To ensure these rules are effective in the years ahead, each university must take steps to disclose details about their selection of entrants. The only way to erase misgivings harbored by examinees is to publicly release the pass rate for female and male applicants and for those taking the exams after previous failures, depending on the number of attempts.
Medical schools are in a unique position because they are directly linked to the nation's supply of doctors. An approach that includes working together with university hospitals and other entities will be vital for rectifying the unfair entrance exams.
"Previously, other doctors covered for female doctors while they took time off before and after they gave birth. The increase in female doctors made it physically harder [to meet staff shortages]." This passage from a written explanation giving background to the entrance exam rules gives an insight into the anguish felt at some hospitals.
The results of a survey indicated at least 60 percent of doctors showed some understanding for Tokyo Medical University manipulating test scores to restrict the number of female entrants.
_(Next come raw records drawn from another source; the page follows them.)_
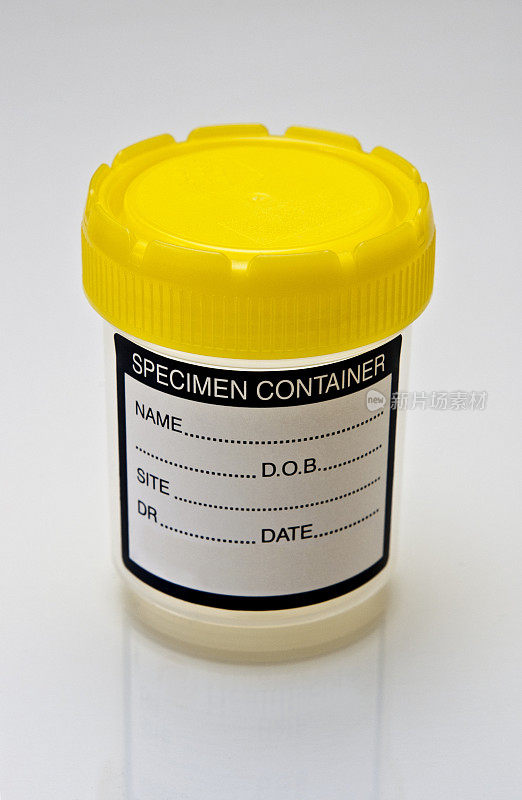 尿液标本的容器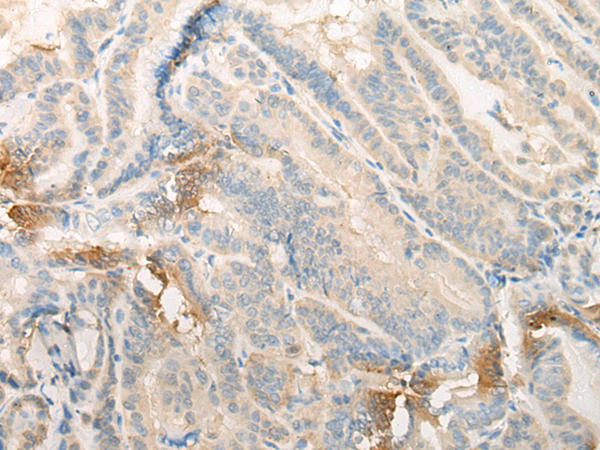 EFCAB5 Antibody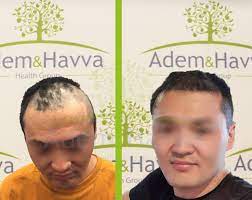 Before And 3 Months After Hair Transplantation Hello To All Members Of Adam Havva Clinic I Would Like T Hair Transplant Hair Implants Hair Transplantation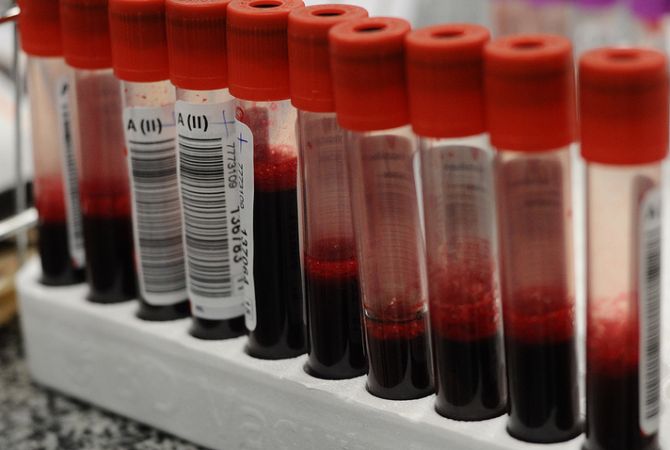 СМИ: ученые из Китая разработали методику определения группы крови за две минуты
Of course, unjust methods are unacceptable, but the aim of fixing problems arising from the increase in female doctors is understandable in some respects.
Female doctors tend to be more heavily concentrated in medical departments where it is easier to go home on time and that have relatively few work shifts on holidays. Even if entrance exams that are the door to medical schools are made impartial, imbalance in the departments doctors work at after graduating will create strains within the medical system.
Couldn't staff numbers be bolstered through steps to improve the treatment of doctors working in demanding hospital departments? Crafting a system that can cover for more female doctors is an urgent task.